Dog put down after attacking 10-year-old Minnesota girl - Bring Me The News

Dog put down after attacking 10-year-old Minnesota girl

The owner requested their pitbull be put down after the attack.

A pitbull has been put down after what police say was an "unprovoked attack" on a 10-year-old Minnesota girl earlier this week.

The Douglas County Sheriff's Office reported the attack occurred on Wednesday at a home in Brandon, where the girl was attending a sleepover with the homeowner's children.

During the evening, the pitbull, in an "unprovoked attack," is said to have "lunged at the girl and bit her numerous times" while they were in the kitchen.

The owner was able to pull the dog off the girl and put it in the garage.

The girl was taken to the Douglas County Hospital for treatment, before later being transferred to the St. Cloud Hospital. It's not clear how serious her injuries were.

The owner asked that the dog be removed from her home by deputies and put down, with police due to test the dog's body for rabies as part of the investigation.

Dog attacks in the U.S.

The Centers for Disease Control says that around 4.5 million dog bites happen each year in the United States.

The government agency has a series of tips for children and adults about how to avoid a dog attack, namely by not approaching unfamiliar dogs, not running from a dog, not panicking, not petting them before they've had a chance to see and sniff you, and disturbing a dog that's sleeping, eating or caring for its puppies.

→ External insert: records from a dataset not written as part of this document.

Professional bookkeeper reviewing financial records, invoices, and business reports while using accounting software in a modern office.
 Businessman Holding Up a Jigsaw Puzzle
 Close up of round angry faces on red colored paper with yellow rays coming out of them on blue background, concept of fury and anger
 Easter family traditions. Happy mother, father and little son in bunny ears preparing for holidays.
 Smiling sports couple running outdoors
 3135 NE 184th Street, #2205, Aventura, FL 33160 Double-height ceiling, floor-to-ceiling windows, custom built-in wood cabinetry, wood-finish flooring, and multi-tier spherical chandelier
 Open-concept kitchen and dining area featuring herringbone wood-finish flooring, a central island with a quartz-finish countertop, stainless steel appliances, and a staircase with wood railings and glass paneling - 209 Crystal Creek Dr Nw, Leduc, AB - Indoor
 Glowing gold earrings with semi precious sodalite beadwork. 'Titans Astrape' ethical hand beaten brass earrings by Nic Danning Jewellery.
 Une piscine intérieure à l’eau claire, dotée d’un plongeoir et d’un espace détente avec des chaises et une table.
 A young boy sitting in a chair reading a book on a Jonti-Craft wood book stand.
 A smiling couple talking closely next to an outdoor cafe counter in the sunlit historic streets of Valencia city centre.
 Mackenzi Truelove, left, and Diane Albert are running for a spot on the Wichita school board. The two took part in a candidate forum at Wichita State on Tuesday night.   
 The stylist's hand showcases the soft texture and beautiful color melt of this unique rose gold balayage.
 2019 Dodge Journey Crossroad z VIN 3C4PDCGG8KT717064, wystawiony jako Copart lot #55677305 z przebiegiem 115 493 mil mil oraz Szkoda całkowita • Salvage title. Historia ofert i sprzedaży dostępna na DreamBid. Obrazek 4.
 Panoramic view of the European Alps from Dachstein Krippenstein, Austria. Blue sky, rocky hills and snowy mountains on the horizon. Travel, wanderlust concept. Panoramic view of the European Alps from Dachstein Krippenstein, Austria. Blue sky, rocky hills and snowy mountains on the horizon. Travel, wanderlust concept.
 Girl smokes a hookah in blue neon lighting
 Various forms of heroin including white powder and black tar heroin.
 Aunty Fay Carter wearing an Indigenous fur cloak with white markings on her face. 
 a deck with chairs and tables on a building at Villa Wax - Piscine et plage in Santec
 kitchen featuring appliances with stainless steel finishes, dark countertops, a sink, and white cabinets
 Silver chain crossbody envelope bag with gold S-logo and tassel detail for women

Anyone approached by an unfamiliar dog should remain motionless. In the event of an attack that knocks you over, the advice is to curl into a ball with your head tucked and your hands over your ears and neck.

Information on which dogs are most often responsible for attacks is conflicting and, given the emotional attachment people have to dogs, varied depending on the motivation of specific website, though pitbulls do tend to be considered as one of the breeds more likely to attack.

AbsentData suggests pitbulls are the responsible for most fatalities, followed by rottweilers, but Gizmodo notes that pitbulls are quite often misidentified, while attack statistics don't always take into account the treatment of the dogs by the owners.